Apesar de tudo ainda me resta a esperança. Não falo de esperança baseado em visões, nem em interpretação de promessas, e menos ainda movido por qualquer revelação alucinatória. Minha esperança nem está no futuro, nas coisas que esperamos que um dia aconteçam. Ela está lá no passado, nas coisas que teimosamente, contra todas as expectativas, insistiram em acontecer. Quando me lembro da minha infância na igreja, lembro também de que cantávamos hinos de um passado não muito distante, cujos primeiros versos também se expressam na mesma linha de raciocínio do salmista. Um deles diz: Sou forasteiro aqui, em terra estranha estou. Mas as semelhanças pararam aqui, porque logo a seguir o hino muda radicalmente o desfecho encontrado no salmo e revela qual deve ser a verdadeira face da indignação. Em vez de lançar agouros e imprecações contra as raízes do mal, o hino simplesmente declara o único sentido válido da vocação profética: Embaixador por Deus do Reino lá dos céus, venho em serviço do meu Rei.
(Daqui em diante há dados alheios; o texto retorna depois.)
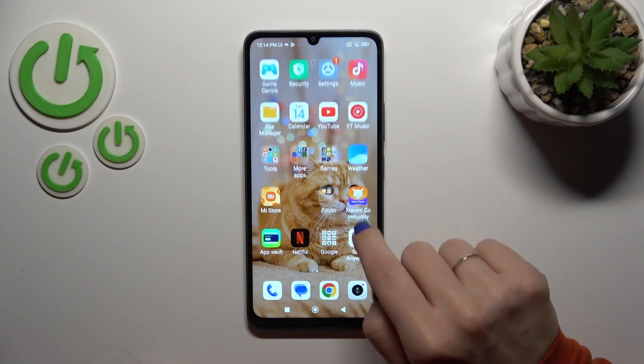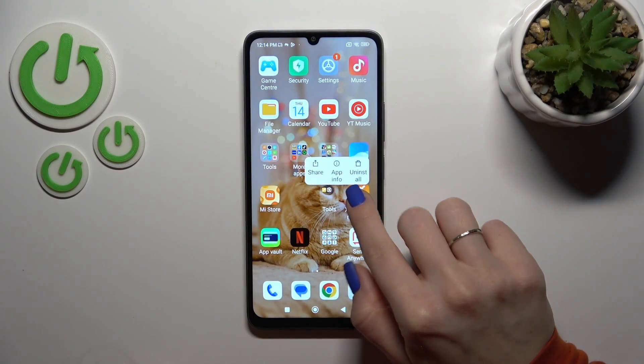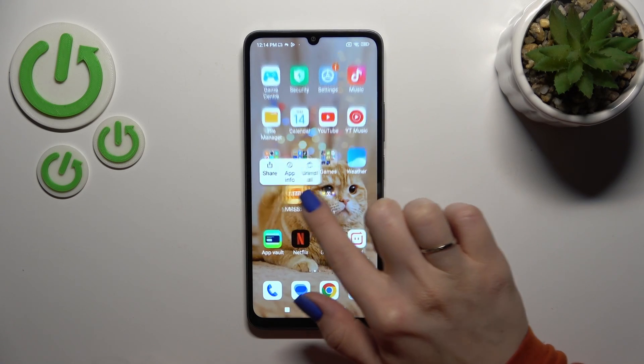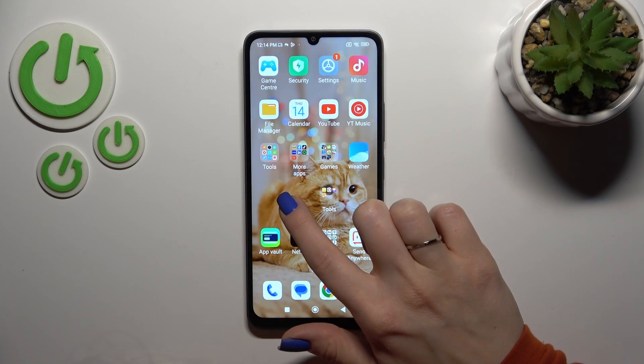First, hold for a while the application and drag this app to another one. By this way we could create the new homescreen folder.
A partir daí, os questionamentos mudam. Em vez de me perguntar como posso cantar que os céus proclamam a glória de Deus nesta terra tão indiferente ao seu amor? Passo a perguntar qual é a razão da primavera florida para um mundo que caminha a passos largos para a extinção? Por que será que nos lugares mais inóspitos, como os lixões, onde não vemos qualquer possibilidade da regeneração da natureza, Deus faz brotar do lixo uma flor? É complicado entender como, por mais crueldade que se instale no mundo, Deus continue a nos enviar crianças. Por que será que ele ainda insiste em investir nós, em mandar as suas joias mais preciosas, as criaturas que lhe são mais caras, a este mundo no qual nós mesmos não depositamos qualquer confiança. O profeta denuncia como se fosse um ambientalista, fica tão indignado quanto o que mais padece do mal. Sente na pele a mesma intensa dor do afligido, mas acredita fielmente que nenhum mal, por maior que seja, tem em si o controle deste ou de qualquer outro universo. Richard Bach, autor de Fernão Capelo Gaivota, dizia: O que a lagarta chama de fim do mundo, o homem chama de borboleta. O que os apocalípticos chamam de juízo final, Jesus chamava de Banquete Messiânico. Para cristão convictos de que o final violento é inevitável, Deus o conclama a ser um embaixador. Para os que ainda creem que o mundo jaz no maligno, a Bíblia os desafia dizendo com com convicção que: O Reino desse mundo já passou a ser de nosso Senhor e de seu Cristo, e ele reinará para sempre.

Eu disse anteriormente que ia apresentar três textos, mas o bom senso pede que eu pare por aqui. Não é intenção do blog estragar o dia de ninguém. Mas é importante que se diga que esta insistência de Deus em investir no mundo e na humanidade, mais solidamente que a contemplação dos céus, venha a acrescentar mais questões às nossas dúvidas do que realmente respostas às nossas inquietações. Talvez a resposta não esteja na razão, muito menos no contexto. Talvez esteja a indignação do salmista transformada em poesia por Bilac. Talvez somente aquele que ama pode ter ouvido capaz de ouvir e de entender as estrelas. Talvez somente aquele que tenha paixão pela criação de Deus encontre justa medida entre o êxtase diante da maravilha e a responsabilidade para com ela.